We’d been so bored that summer that we’d fallen into working regularly as a car service, taking calls when they came, ferrying dates home from nightclubs, old ladies to and from hospitals, vacationers to La Guardia for the weekend flight to Miami Beach. Between rides we’d play poker in the air-conditioned storefront. It was after one-thirty on a Friday night when Minna came in. Loomis was sitting in on the game, losing hands and eating all the chips, and Minna told him to get lost, go home already.

“What’s the matter, Frank?” said Tony.

“Nothing’s the matter. Got something for us to do, that’s all.”

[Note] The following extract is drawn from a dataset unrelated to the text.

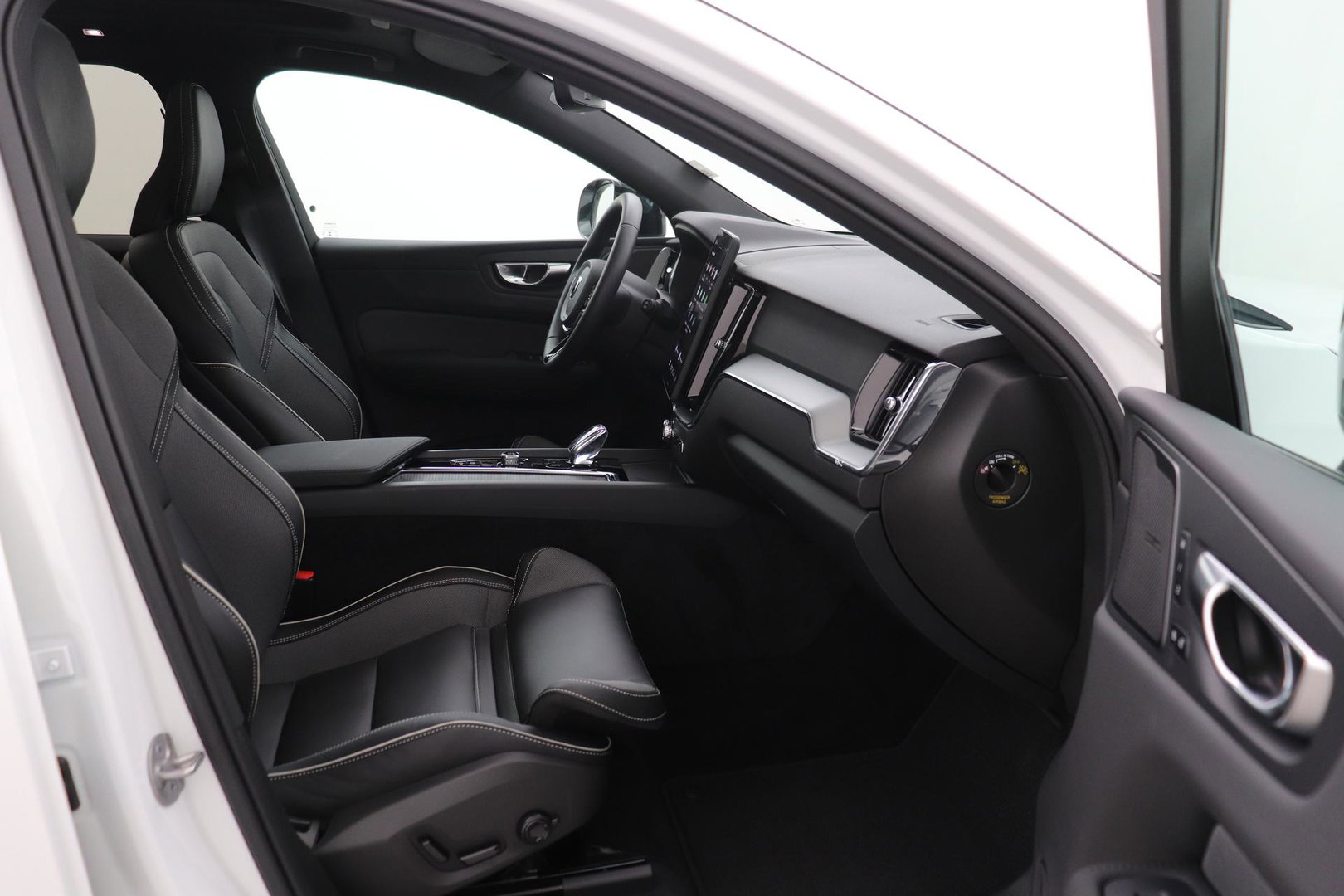 Volvo XC60 T6 Plus Black Edition | Harman/Kardon | Panoramadak | Head-Up | 360-camera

“Something what? For who?”

“Just a job. What do we have in here that’s like a crowbar or something?” Minna smoked furiously to mask his unease.

“A crowbar?”

“Just something you can swing. Like a crowbar. I’ve got a bat and a lug wrench in my trunk. Stuff like that.”

“Sounds like you want a gun,” said Tony, raising his eyebrows. “If I wanted a gun I’d get a gun, you diphthong. This doesn’t take a gun.”

“You want chains?” said Gilbert, meaning to be helpful. “There’s a whole bunch of chains in the Pontiac.”

“Crowbar, crowbar, crowbar. Why do I even bother with you mystic seers anymore? If I wanted my mind read I’d call Gladys Knight for chrissakes.”

“Dionne Warwick,” said Gilbert.

“What?”

“Psychic Hotline’s Dionne Warwick, not Gladys Knight.”

“Psychicwarlock!”

“Got some pipe downstairs,” mused Danny, only now laying down the hand he’d been holding since Minna barged into the office. It was a full house, jacks and eights.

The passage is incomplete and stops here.